«Cortina de Leste» é o espaço de opinião do enviado-especial do Maisfutebol ao Campeonato da Europa de 2012. Pode seguir o jornalista Pedro Jorge da Cunha no Twitter.

A minha relação com a Ucrânia é um constante work in progress. Justifica emendas, rascunhos, supressões e acrescentos. Por outras palavras, mudo facilmente de opinião. Normalmente, várias vezes ao dia. Ou mudava.

Se, em Lviv, o sorriso ainda se misturava com a antipatia exploradora, em Kharkiv não é assim. Caro leitor, salvo raríssimas exceções, sinto-me rodeado por autómatos de olhar vítreo e feições rígidas. Sinto-me, meus amigos, a vítima numa paródia negra: a marioneta nas mãos de Tony Soprano.

Os episódios burlescos sucedem-se a um ritmo alucinante e sempre numa linguagem codificada. No caso, o indecifrável cirílico.

Saborear uma salada de frutas implica, por exemplo, uma fatura de oito itens. Sim, o malvado Soprano da caixa registadora faz questão de discriminar cada pedacinho de kiwi, uva, laranja e banana.

E tanto está atrás do balcão como salta para o volante do nosso autocarro. O sacana do Tony passou o dia a tratar mal a nossa guia, a rosnar enigmaticamente, a ameaçar ninguém sabe bem o quê. Teve de ser dispensado.

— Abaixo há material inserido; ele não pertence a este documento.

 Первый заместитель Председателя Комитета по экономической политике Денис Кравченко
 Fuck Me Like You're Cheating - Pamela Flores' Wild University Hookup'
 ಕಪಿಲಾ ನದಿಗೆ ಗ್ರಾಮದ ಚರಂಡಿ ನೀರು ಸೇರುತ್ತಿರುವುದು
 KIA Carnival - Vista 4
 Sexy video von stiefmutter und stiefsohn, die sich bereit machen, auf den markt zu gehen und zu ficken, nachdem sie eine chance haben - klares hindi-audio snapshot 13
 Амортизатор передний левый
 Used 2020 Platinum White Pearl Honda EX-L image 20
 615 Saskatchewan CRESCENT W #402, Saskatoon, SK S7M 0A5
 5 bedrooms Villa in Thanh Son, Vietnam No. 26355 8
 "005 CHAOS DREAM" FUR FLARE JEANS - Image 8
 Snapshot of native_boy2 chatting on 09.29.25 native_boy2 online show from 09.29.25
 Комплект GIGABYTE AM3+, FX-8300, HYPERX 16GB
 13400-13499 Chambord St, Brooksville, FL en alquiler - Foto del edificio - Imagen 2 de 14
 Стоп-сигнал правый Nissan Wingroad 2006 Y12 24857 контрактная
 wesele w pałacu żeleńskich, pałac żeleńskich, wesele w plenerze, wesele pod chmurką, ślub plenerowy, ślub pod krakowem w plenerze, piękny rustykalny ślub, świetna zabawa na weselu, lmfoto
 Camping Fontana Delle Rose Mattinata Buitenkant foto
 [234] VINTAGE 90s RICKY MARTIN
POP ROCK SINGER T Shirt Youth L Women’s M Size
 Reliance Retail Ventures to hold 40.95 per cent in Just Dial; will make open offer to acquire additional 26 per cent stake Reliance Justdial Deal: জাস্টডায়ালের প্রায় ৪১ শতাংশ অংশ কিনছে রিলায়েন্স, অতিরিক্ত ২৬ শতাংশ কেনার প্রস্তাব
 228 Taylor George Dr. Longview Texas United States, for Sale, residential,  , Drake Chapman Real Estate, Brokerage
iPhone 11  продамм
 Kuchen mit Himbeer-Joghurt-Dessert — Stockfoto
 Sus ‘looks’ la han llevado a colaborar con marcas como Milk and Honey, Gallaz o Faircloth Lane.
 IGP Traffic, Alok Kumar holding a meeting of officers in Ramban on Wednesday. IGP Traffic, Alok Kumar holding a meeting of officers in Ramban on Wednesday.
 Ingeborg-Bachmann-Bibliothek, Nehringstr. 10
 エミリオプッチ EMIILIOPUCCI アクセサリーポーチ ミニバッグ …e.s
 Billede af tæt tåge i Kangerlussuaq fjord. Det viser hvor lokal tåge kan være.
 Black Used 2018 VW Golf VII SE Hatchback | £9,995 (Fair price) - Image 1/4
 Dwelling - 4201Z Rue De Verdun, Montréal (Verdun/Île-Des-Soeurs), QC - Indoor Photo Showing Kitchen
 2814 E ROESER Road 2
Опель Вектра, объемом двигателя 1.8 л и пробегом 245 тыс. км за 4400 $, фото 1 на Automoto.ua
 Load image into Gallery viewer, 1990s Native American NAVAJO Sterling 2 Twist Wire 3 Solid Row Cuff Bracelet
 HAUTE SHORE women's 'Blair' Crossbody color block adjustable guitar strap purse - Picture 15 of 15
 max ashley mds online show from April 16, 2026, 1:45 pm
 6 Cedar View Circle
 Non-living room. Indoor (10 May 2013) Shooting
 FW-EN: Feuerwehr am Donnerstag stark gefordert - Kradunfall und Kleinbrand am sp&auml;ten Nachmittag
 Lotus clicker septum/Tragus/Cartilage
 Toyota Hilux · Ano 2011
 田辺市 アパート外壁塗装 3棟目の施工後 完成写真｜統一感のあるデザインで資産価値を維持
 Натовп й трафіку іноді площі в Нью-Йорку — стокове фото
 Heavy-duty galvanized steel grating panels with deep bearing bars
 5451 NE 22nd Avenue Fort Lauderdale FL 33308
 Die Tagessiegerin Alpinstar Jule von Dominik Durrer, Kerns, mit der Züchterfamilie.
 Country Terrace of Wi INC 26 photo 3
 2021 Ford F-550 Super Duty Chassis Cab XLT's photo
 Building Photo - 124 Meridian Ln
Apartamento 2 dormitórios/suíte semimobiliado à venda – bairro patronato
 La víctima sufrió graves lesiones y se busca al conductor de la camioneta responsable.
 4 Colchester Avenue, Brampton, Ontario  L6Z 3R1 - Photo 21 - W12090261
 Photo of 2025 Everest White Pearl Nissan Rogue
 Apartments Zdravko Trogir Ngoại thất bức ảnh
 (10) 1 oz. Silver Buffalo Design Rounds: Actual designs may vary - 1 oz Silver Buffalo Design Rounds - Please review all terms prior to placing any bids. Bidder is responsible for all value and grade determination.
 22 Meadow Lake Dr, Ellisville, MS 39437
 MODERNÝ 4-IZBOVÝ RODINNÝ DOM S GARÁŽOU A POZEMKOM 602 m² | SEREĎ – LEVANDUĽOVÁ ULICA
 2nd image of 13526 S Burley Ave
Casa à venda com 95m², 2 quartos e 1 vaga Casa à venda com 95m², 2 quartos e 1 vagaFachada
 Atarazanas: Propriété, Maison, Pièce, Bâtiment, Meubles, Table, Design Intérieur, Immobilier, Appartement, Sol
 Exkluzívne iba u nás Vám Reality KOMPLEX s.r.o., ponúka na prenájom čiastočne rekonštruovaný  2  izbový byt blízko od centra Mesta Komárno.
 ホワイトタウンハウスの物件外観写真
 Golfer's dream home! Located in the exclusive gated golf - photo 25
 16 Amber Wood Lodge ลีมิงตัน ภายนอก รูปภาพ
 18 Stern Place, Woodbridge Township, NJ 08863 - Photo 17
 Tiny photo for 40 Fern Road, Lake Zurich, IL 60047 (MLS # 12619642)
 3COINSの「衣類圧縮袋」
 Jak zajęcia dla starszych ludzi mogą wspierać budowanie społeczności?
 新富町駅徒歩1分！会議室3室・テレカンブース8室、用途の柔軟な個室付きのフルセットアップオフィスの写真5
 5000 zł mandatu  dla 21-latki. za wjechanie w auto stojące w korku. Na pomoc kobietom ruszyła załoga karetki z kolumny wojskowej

Pensávamos ter saído do jugo inquisidor quando, horas depois, o reencontrámos. Tony Soprano, mais sinistro do que nunca. Acenou-nos com o Media Entrance no estádio e meteu-nos num labirinto. Suámos, corremos, saltámos o tapume, fomos cobaias. Resistimos, escapámos.

Tony não desistiu. Nas largas avenidas da cidade, sem faixas de rodagem identificadas, perseguiu-nos como um doido. Passou vermelhos, desferiu insultos, driblou leis da física e não nos passou o recibo. What the hell?

Sobrevivi a Kharkiv, o Mr. Soprano deste Euro: damn you, Tony!